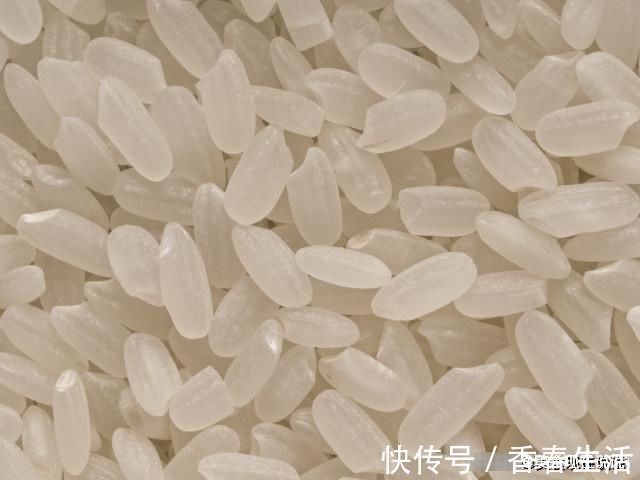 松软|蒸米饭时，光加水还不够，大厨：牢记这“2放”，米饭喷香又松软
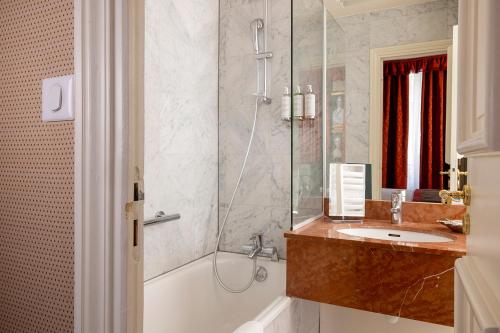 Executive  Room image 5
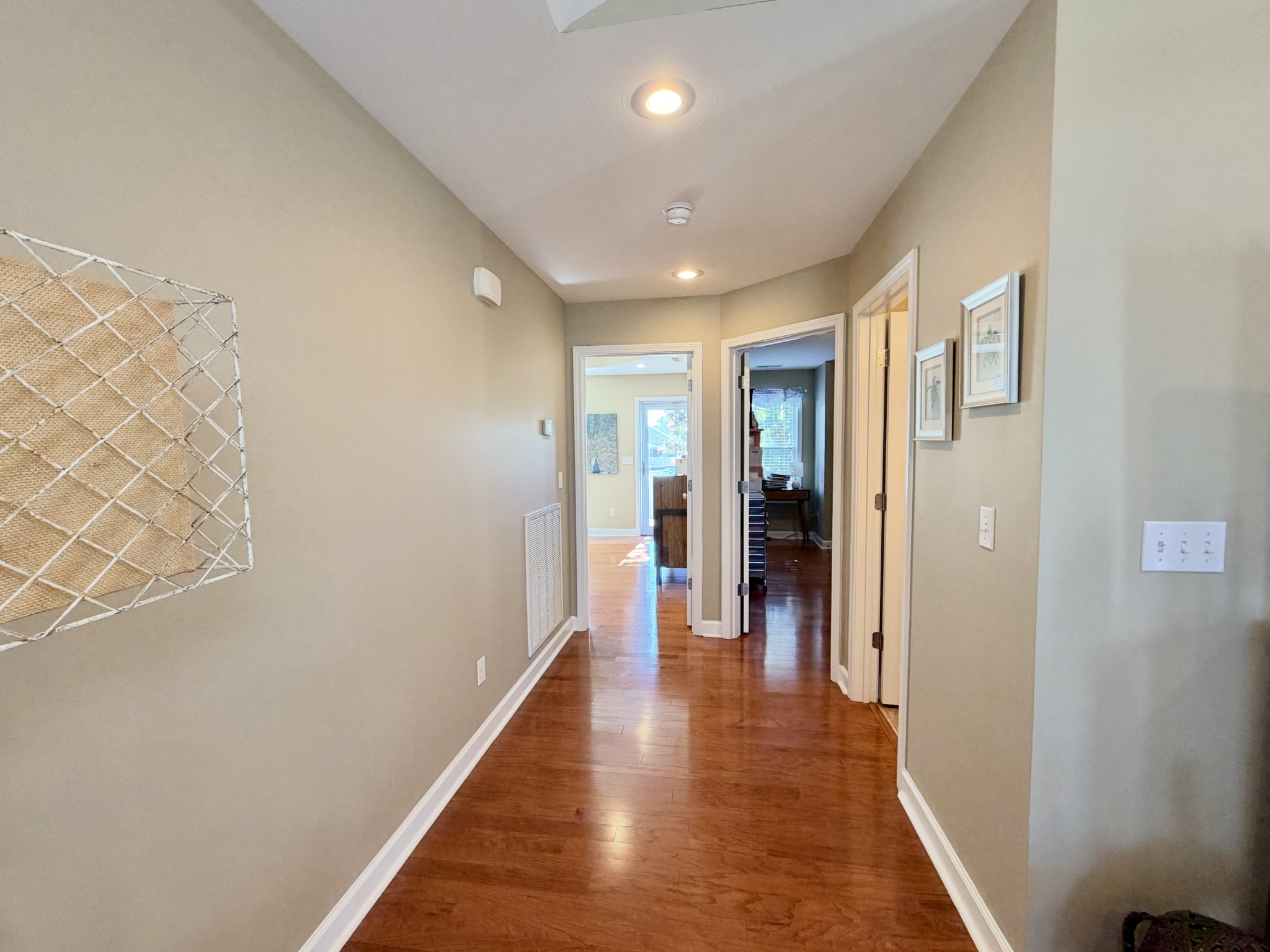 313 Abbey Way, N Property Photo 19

-=-=-

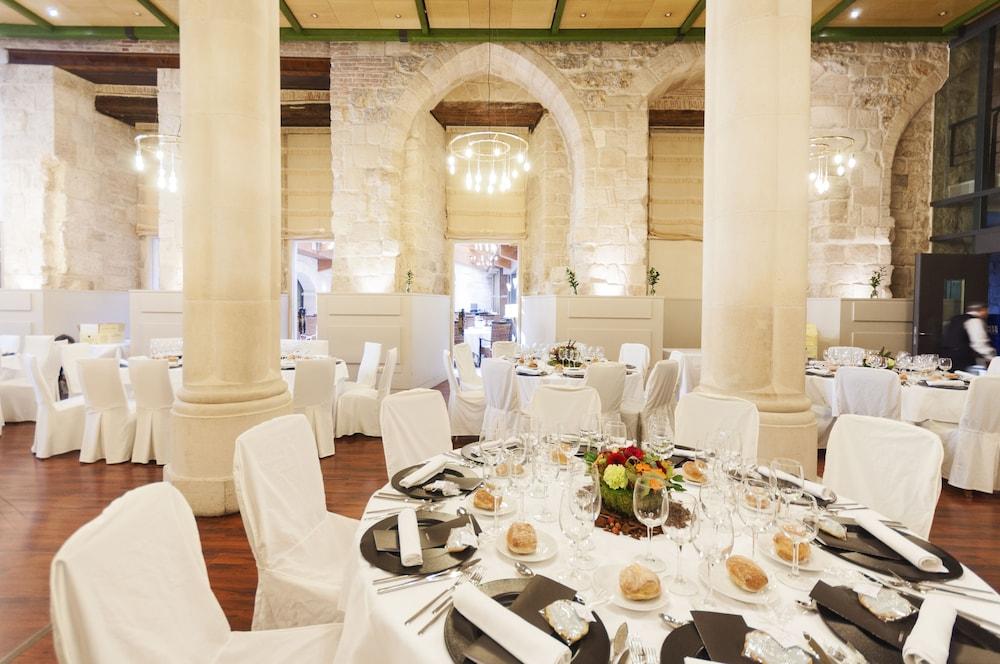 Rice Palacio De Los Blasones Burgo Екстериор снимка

-=-=-

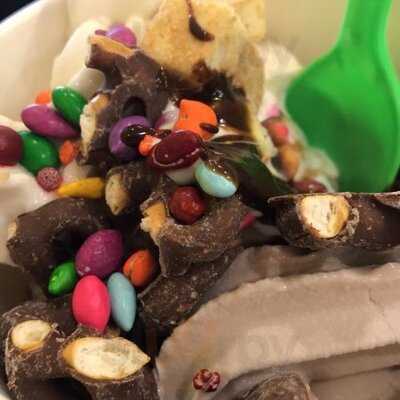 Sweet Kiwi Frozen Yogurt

-=-=-

Looking above, find the stretch of lines that opens with the one holding "Room image 5" and closes with the one holding "313 Abbey Way, N Property Photo 19". Copy it exactly, pictures excluded.

 Executive  Room image 5
 313 Abbey Way, N Property Photo 19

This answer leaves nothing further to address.